### Task to carry out
Pictures aside, the data must be reproduced exactly.

### Data provided
- - - - - - -

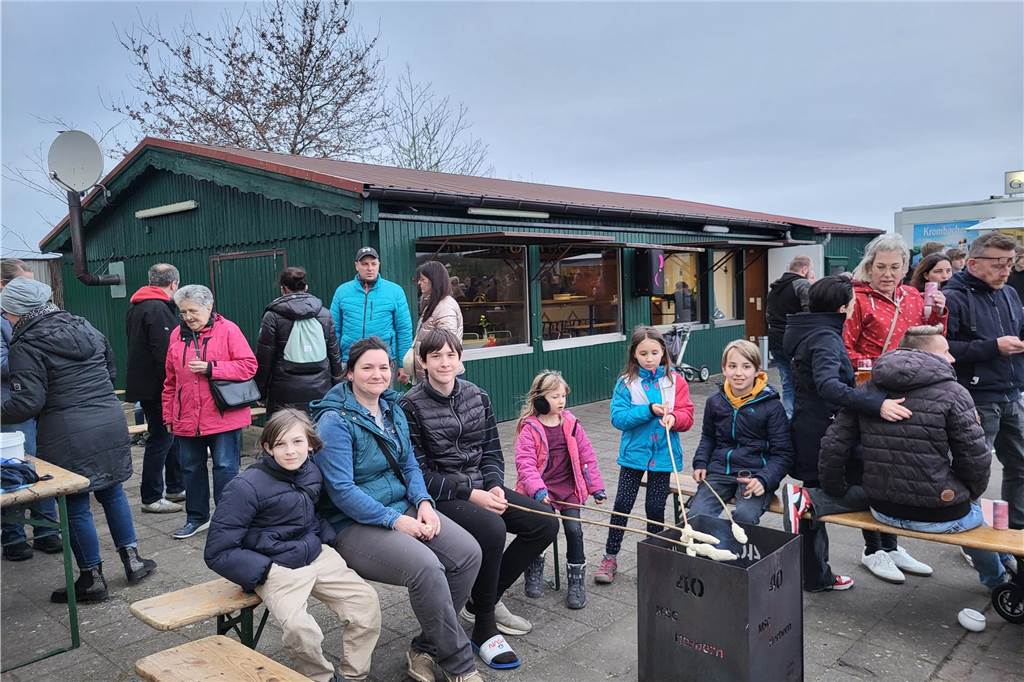 Auch in Herbern fand am Wochenende natürlich ein Osterfeuer statt. Der MSC Herbern hatte auf den Bauhof geladen - viele waren der Einladung gefolgt.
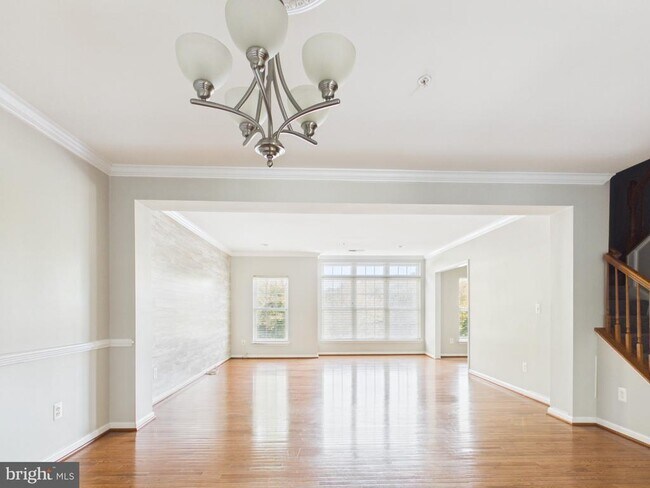 Foto del edificio - 4587 Whittemore Pl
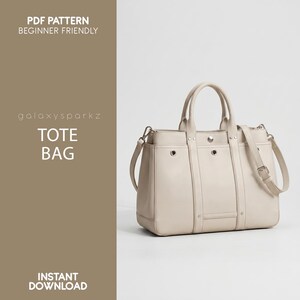 Może przedstawiać: Beżowa torba typu tote z paskiem na ramię i uchwytami. Torba ma prostokątny kształt z metalowymi akcentami i pionowymi panelami. Tekst po lewej stronie brzmi "PDF PATTERN BEGINNER FRIENDLY", "goloxysparkz", "TOTE BAG" i "INSTANT DOWNLOAD".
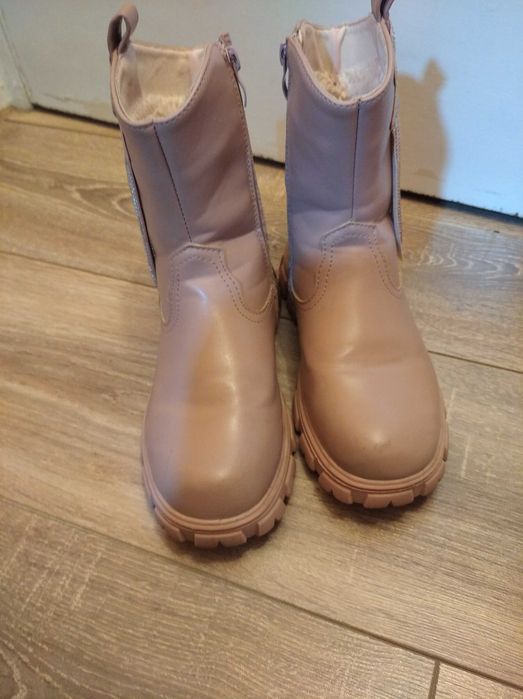 Vand cizme de iarna.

- - - - - - -

### Reply to the exercise
 Auch in Herbern fand am Wochenende natürlich ein Osterfeuer statt. Der MSC Herbern hatte auf den Bauhof geladen - viele waren der Einladung gefolgt.
 Foto del edificio - 4587 Whittemore Pl
 Może przedstawiać: Beżowa torba typu tote z paskiem na ramię i uchwytami. Torba ma prostokątny kształt z metalowymi akcentami i pionowymi panelami. Tekst po lewej stronie brzmi "PDF PATTERN BEGINNER FRIENDLY", "goloxysparkz", "TOTE BAG" i "INSTANT DOWNLOAD".
 Vand cizme de iarna.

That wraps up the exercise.